Given records —
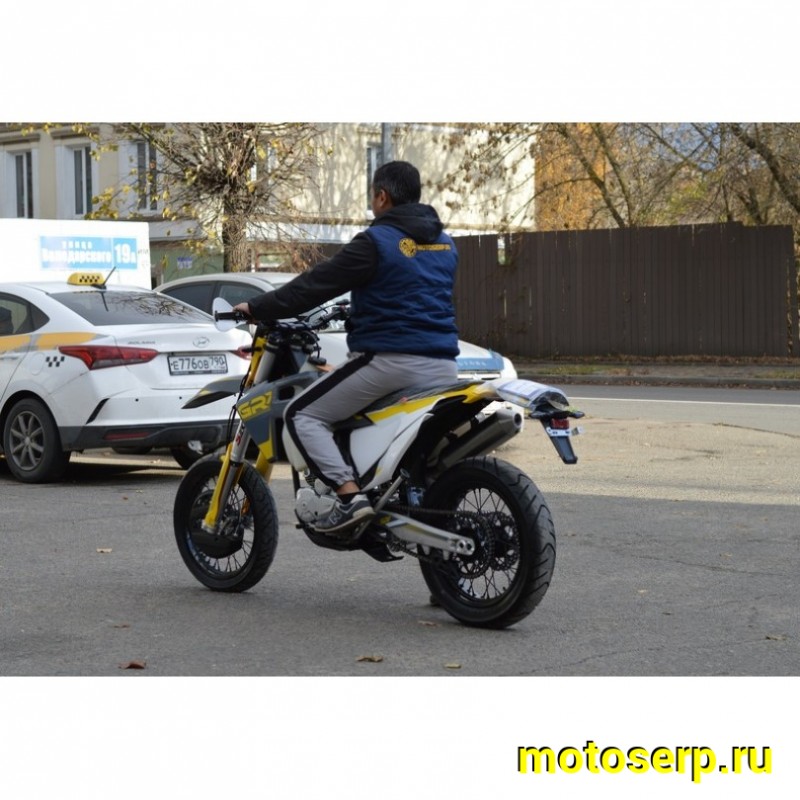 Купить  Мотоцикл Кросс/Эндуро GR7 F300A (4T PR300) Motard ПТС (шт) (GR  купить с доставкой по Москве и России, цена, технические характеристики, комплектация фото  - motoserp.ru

==

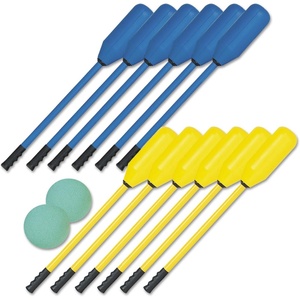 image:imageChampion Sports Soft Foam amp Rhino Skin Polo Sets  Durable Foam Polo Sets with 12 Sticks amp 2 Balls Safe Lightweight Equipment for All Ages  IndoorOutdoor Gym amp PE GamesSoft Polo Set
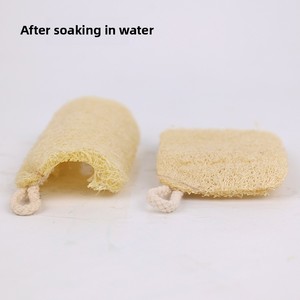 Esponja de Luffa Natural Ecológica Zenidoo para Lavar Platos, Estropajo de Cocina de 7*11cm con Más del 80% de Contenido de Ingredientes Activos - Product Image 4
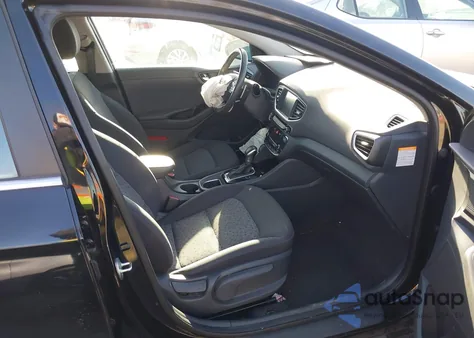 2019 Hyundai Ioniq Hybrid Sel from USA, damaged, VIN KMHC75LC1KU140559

---

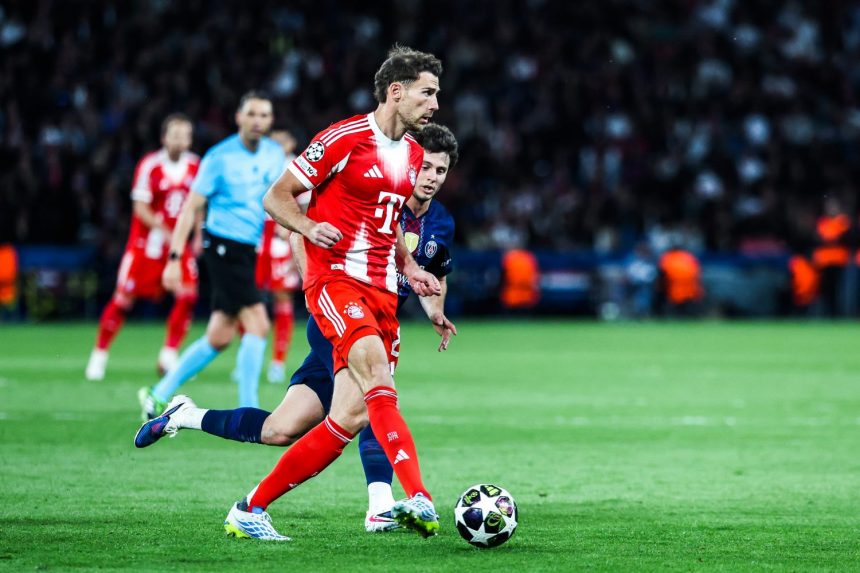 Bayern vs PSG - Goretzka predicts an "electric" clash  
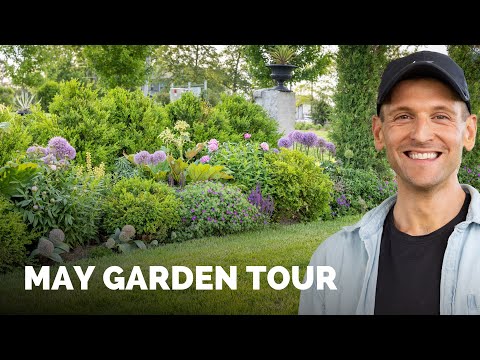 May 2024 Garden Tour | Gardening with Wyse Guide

Work instructions — Print from the line containing "Bayern vs PSG" through the line containing "May 2024 Garden" in the data above, exactly as the lines stand, and omit every picture.

Answer to this task —
 Bayern vs PSG - Goretzka predicts an "electric" clash  
 May 2024 Garden Tour | Gardening with Wyse Guide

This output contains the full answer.